■ TASK DESCRIPTION
Print the data below exactly, but only the lines from the one containing "NISSAN VERSA S, 3N1CN7AP9JL833872" down to the one containing "Größenvergleich: Flex in", inclusive.

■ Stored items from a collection

● ● ●

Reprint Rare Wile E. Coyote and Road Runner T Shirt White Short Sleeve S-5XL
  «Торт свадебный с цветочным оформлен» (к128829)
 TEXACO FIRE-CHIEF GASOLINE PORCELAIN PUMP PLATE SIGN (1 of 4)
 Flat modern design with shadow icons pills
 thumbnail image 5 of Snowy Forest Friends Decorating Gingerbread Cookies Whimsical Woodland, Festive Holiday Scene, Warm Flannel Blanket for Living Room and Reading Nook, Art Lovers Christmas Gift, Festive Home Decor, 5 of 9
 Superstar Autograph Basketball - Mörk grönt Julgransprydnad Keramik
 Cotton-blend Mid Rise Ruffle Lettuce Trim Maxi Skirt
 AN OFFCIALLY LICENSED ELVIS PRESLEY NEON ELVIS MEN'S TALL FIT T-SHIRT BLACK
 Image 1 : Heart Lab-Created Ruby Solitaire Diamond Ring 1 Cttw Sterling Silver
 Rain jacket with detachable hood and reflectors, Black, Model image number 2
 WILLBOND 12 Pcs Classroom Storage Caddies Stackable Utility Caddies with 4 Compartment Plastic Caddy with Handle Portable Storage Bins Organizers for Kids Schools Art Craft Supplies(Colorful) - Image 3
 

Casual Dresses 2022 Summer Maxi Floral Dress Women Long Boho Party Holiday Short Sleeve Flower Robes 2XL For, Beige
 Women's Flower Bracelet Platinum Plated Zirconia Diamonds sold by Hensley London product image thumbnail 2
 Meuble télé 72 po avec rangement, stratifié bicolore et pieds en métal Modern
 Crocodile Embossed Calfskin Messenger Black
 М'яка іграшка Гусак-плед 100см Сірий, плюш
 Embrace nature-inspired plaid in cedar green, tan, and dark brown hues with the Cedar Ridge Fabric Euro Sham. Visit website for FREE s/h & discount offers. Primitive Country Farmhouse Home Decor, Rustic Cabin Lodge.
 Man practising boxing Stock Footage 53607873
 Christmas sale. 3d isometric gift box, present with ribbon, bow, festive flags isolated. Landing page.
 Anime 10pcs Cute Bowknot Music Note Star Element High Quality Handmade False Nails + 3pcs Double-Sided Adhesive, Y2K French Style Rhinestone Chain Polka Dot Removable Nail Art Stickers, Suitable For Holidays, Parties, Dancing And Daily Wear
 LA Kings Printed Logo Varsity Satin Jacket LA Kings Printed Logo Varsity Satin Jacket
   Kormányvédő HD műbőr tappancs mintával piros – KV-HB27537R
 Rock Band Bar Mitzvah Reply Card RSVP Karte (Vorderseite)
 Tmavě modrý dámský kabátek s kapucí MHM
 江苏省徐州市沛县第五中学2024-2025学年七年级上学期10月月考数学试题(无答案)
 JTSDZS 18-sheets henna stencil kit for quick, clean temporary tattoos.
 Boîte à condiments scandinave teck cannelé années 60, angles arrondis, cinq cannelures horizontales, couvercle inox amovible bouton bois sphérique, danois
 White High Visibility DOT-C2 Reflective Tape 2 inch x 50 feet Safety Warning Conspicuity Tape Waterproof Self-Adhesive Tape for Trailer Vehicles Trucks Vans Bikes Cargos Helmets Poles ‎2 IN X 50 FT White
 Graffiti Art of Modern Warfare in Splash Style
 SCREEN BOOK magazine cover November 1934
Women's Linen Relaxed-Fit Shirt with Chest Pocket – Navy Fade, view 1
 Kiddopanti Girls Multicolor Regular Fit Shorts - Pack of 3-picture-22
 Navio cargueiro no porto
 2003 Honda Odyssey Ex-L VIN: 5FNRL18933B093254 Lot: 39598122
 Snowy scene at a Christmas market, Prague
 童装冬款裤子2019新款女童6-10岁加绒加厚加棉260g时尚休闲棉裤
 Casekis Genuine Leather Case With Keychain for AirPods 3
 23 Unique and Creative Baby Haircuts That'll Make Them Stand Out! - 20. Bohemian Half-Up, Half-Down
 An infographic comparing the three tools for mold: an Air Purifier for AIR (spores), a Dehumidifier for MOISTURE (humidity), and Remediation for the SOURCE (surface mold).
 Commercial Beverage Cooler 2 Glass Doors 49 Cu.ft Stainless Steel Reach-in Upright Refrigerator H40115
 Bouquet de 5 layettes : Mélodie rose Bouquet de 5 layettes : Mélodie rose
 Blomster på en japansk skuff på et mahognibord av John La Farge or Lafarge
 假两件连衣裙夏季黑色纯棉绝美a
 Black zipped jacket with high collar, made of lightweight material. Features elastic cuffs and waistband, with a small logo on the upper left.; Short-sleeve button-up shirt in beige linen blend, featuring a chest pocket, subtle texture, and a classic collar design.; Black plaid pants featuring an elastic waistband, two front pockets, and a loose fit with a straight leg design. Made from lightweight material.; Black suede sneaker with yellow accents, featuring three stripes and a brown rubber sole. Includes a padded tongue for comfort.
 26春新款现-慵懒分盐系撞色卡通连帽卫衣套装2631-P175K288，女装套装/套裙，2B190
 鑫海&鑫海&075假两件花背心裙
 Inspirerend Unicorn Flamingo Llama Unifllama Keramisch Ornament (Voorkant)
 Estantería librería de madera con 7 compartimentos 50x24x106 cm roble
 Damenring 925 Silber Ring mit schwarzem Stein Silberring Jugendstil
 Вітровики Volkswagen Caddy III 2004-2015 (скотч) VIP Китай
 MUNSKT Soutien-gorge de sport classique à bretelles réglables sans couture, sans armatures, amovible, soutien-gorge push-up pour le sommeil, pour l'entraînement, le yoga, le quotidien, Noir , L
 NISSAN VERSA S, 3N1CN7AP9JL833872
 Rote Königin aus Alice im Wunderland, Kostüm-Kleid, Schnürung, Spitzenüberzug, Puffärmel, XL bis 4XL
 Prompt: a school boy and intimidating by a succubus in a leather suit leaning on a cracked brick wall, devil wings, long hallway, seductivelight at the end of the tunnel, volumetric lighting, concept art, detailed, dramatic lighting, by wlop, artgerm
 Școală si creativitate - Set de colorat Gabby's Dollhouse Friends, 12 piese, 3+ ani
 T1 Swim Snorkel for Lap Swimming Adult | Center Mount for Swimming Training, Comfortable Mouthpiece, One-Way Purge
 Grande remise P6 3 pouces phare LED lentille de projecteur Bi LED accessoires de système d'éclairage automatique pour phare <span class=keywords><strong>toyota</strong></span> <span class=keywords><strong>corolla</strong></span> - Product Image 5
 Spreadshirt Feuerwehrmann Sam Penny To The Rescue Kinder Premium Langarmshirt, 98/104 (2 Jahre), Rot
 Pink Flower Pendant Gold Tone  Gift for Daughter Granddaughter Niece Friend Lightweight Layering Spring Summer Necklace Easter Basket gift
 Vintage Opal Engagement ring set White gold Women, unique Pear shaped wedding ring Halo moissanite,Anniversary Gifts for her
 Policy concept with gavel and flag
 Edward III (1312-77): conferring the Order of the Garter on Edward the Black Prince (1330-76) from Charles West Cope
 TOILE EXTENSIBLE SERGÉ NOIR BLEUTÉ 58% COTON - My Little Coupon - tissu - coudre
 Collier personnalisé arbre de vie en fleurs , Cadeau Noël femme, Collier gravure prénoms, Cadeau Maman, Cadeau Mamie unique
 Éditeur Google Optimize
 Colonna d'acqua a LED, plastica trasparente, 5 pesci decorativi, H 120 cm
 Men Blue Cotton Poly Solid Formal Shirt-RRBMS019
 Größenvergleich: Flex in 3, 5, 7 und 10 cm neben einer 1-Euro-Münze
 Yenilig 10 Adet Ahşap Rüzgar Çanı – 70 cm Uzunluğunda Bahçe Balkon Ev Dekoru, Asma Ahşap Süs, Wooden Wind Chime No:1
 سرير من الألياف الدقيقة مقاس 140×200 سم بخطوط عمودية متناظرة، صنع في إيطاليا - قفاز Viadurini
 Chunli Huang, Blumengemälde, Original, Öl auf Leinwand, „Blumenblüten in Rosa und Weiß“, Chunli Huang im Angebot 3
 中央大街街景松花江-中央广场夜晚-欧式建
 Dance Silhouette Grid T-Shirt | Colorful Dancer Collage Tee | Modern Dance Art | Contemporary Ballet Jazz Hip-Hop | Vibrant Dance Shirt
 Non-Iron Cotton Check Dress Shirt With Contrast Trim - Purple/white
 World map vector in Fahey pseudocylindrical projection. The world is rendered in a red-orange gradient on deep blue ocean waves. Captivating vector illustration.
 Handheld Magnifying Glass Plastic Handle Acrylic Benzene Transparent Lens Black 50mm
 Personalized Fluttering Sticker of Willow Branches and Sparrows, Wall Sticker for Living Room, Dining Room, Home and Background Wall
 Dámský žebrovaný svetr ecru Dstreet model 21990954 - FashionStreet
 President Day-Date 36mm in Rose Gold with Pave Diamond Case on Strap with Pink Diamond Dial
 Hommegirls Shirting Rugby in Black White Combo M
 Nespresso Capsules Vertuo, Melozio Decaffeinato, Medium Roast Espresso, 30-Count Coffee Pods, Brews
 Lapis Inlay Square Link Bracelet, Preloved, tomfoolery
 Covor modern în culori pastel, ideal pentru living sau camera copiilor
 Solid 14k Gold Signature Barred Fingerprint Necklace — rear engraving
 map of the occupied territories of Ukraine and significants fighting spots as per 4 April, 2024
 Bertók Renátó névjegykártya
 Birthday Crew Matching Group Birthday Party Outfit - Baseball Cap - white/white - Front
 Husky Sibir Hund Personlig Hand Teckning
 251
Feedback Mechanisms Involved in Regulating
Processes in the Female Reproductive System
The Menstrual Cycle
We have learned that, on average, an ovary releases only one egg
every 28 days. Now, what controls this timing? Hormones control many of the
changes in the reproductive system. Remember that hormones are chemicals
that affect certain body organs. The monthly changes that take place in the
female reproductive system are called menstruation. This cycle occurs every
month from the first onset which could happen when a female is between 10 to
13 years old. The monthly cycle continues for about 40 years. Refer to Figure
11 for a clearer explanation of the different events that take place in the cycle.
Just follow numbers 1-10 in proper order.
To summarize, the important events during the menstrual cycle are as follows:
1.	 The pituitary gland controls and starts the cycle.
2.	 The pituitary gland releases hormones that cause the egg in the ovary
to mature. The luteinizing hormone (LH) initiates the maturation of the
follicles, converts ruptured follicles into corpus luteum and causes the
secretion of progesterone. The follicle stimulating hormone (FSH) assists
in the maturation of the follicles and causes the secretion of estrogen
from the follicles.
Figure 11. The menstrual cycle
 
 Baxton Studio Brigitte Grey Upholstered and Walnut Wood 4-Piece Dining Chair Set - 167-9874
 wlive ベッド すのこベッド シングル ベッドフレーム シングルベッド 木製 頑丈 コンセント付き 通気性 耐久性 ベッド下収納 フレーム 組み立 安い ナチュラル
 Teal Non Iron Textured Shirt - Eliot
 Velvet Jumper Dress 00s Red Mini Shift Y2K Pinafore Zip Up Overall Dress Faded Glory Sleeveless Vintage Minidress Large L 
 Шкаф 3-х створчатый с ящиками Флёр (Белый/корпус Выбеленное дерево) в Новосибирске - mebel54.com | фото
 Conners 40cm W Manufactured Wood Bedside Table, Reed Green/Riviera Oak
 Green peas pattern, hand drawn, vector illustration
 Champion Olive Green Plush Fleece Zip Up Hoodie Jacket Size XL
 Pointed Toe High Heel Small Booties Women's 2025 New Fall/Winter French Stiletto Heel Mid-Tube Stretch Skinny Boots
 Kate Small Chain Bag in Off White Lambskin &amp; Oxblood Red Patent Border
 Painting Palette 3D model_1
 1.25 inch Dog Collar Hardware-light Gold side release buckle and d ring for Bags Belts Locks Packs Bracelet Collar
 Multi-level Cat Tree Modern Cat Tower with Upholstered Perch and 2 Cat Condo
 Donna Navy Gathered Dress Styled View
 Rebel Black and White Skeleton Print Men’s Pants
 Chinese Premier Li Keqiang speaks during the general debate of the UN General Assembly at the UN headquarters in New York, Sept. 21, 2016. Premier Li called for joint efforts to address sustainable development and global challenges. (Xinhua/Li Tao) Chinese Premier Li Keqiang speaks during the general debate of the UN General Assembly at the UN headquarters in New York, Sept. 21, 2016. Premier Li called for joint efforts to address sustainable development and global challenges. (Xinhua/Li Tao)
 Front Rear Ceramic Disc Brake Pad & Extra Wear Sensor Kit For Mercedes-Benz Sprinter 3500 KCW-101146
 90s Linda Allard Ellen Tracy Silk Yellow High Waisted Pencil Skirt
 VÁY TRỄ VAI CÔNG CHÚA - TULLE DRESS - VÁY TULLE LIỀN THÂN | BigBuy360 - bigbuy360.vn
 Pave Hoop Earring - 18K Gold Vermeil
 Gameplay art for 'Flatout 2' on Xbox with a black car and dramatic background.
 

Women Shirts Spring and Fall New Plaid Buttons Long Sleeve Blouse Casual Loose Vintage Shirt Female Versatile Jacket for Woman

● ● ●

■ RESPONSE
 NISSAN VERSA S, 3N1CN7AP9JL833872
 Rote Königin aus Alice im Wunderland, Kostüm-Kleid, Schnürung, Spitzenüberzug, Puffärmel, XL bis 4XL
 Prompt: a school boy and intimidating by a succubus in a leather suit leaning on a cracked brick wall, devil wings, long hallway, seductivelight at the end of the tunnel, volumetric lighting, concept art, detailed, dramatic lighting, by wlop, artgerm
 Școală si creativitate - Set de colorat Gabby's Dollhouse Friends, 12 piese, 3+ ani
 T1 Swim Snorkel for Lap Swimming Adult | Center Mount for Swimming Training, Comfortable Mouthpiece, One-Way Purge
 Grande remise P6 3 pouces phare LED lentille de projecteur Bi LED accessoires de système d'éclairage automatique pour phare <span class=keywords><strong>toyota</strong></span> <span class=keywords><strong>corolla</strong></span> - Product Image 5
 Spreadshirt Feuerwehrmann Sam Penny To The Rescue Kinder Premium Langarmshirt, 98/104 (2 Jahre), Rot
 Pink Flower Pendant Gold Tone  Gift for Daughter Granddaughter Niece Friend Lightweight Layering Spring Summer Necklace Easter Basket gift
 Vintage Opal Engagement ring set White gold Women, unique Pear shaped wedding ring Halo moissanite,Anniversary Gifts for her
 Policy concept with gavel and flag
 Edward III (1312-77): conferring the Order of the Garter on Edward the Black Prince (1330-76) from Charles West Cope
 TOILE EXTENSIBLE SERGÉ NOIR BLEUTÉ 58% COTON - My Little Coupon - tissu - coudre
 Collier personnalisé arbre de vie en fleurs , Cadeau Noël femme, Collier gravure prénoms, Cadeau Maman, Cadeau Mamie unique
 Éditeur Google Optimize
 Colonna d'acqua a LED, plastica trasparente, 5 pesci decorativi, H 120 cm
 Men Blue Cotton Poly Solid Formal Shirt-RRBMS019
 Größenvergleich: Flex in 3, 5, 7 und 10 cm neben einer 1-Euro-Münze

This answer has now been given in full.